Until now, I have simply presented what everybody knows and lives everyday. What can we do to change this situation? First of all, this is a question of culture. By writing critical articles, commenting with friends and colleagues, and refusing to buying such kinds of products, we can create a culture capable of breaking down this tendency. The protests, political movements and much more going to happen are just the inorganic answer to the problem. What next? The revolution has to be done in the stock market first: banishing products with high speculative ratio put on the market without enough fundamentals under them, and also taxing all the negotiations when you do operations on a short period. In an idealistic world, stocks could be bought with a very low commission, but sold with a decreasing commission over time. So I can buy $100 stocks from Apple, for instance, and I pay $131. In that case, 1$ goes to the stock exchange organization, 100$ go to the seller, and $30 are put in a special fund connected with the stock itself. Every year, for 10 years, the fund pays me back the equivalent of 10% of that commission based on how many stocks I bought originally.
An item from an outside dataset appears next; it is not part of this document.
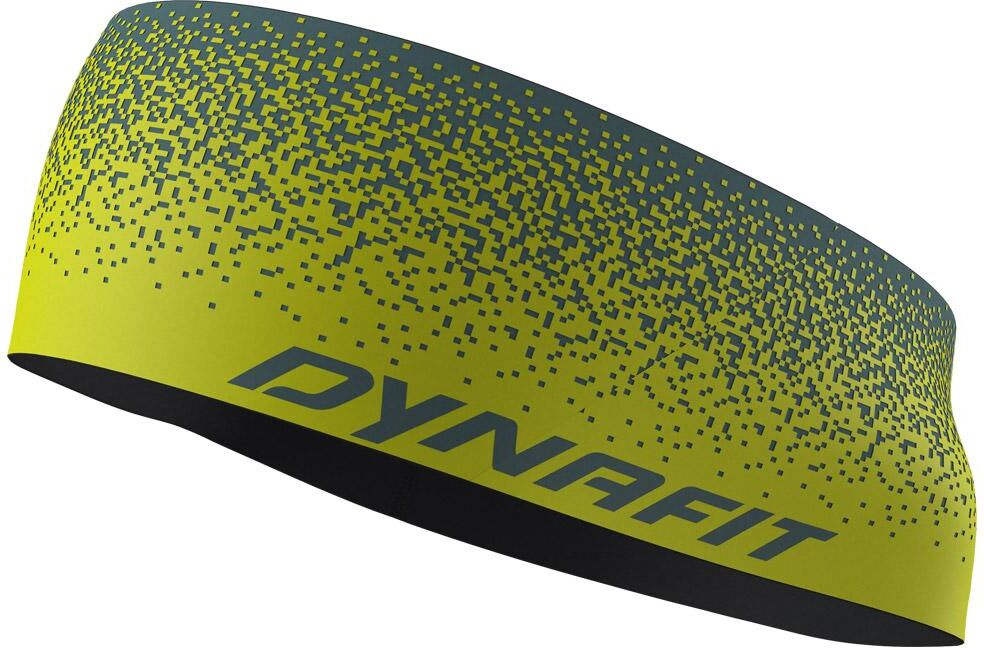 Dynafit  - Graphic Performance Headband Golden Lime - Bandeau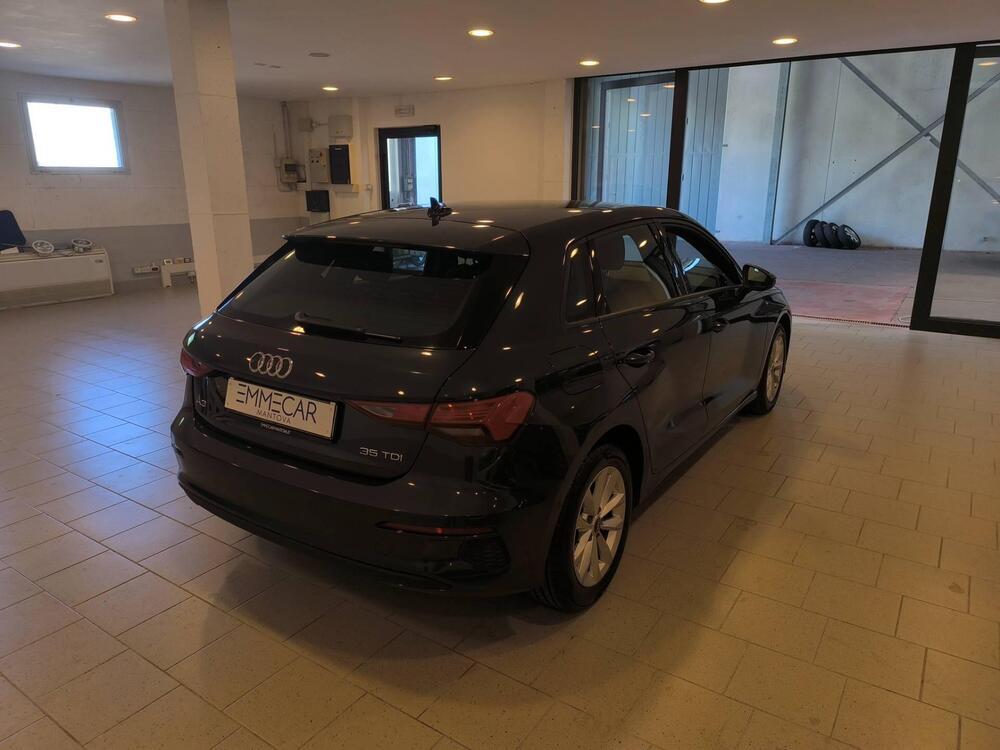 Audi A3 Sportback usata a Mantova (5)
So if I keep the title for one year or less, I lose $30, but if I keep it for 10 years, I recover all the $30 and it was like I originally paid 100$. Of course, we are talking about number of stocks, not money. In that case, if Apple stocks increase, the restoration fund does also, at the same level, so I will have back the 10% of an increased value. This is just an example of what can make the stock exchange market more favorable to long term investments. Blocking speculative products, making negotiations much more expensive, and creating incentives to keep stocks for a longer time will make the market slower, smaller, and less attractive for speculators and much more connected to the real economy and the real value of companies.
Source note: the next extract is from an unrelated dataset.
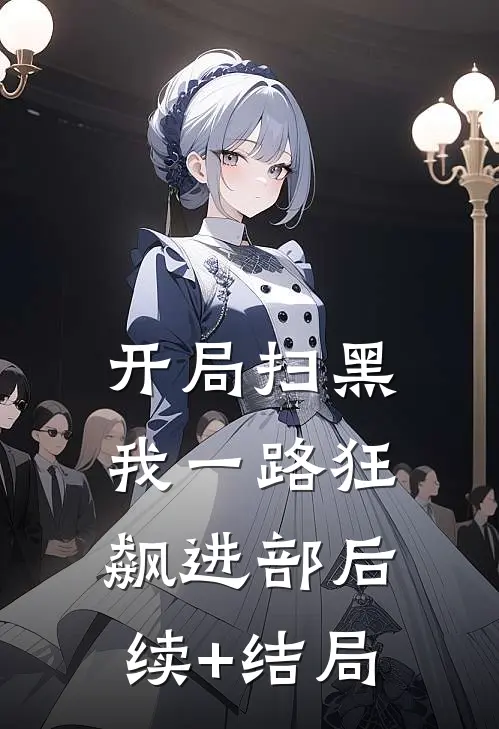 开局扫黑，我一路狂飙进部后续+结局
Necessary speculative products can still exist, but they need to be connected to real wealth and material substance. How could it be possible to have a change of 6% of the value of a company who realizes glasses when there are no changes on the glasses’ market or in the company’s revenues? Of course, in such a case which is prevalent today, there are no links to the real economy.
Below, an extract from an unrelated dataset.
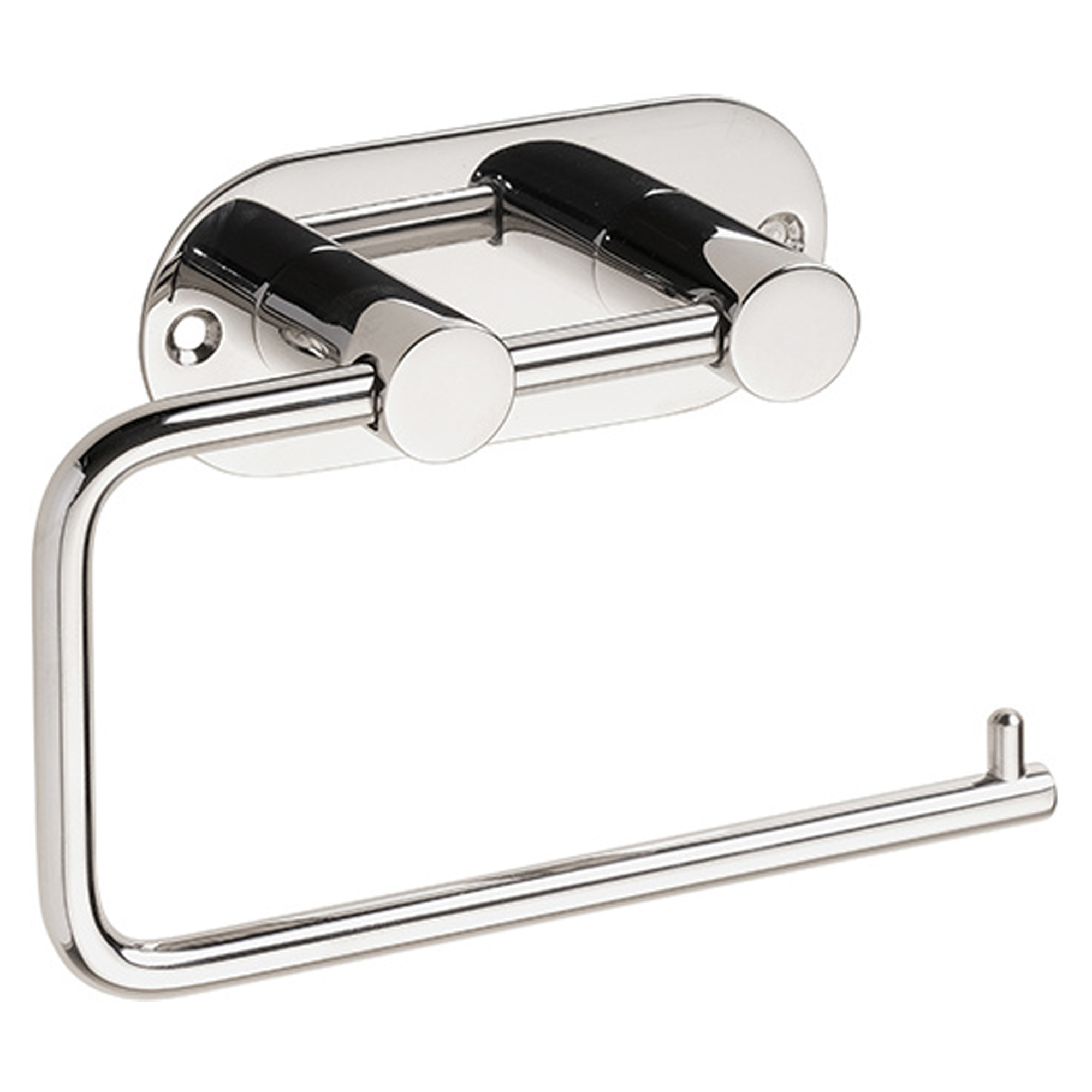 Toalettpapirholder Civio Krom Blank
We might even have to consider a terrible scenario if this does not change. Nowadays, numerous operations are automatically conducted by financial robots who sell and buy titles following complex algorithms. I interviewed one specialist in robots for machine-time operations with whom I discussed a lot about the possibility of creating a software capable of learn from other robots and instigating them to make significant mistakes and therein destroy the stock market. This is not the plot of a movie; it is real. This scenario is possible. We don’t have to imagine an hacker closed in a garage, but a new financial terrorist could be a well-shaved young programmer capable of creating the software able to learn and then act in order to create the biggest financial crisis we can imagine. So the sooner we reconnect finance to the economy, the sooner we can transform the stock exchange into a place where long term investments realized, the sooner we will have a slower economy, but with less injustice and more attention to the future, not merely the next quarter. We don’t live by quarters. We need all seasons to complete a life cycle. The next frontier will be the annual horizon as the shortest period we can talk about.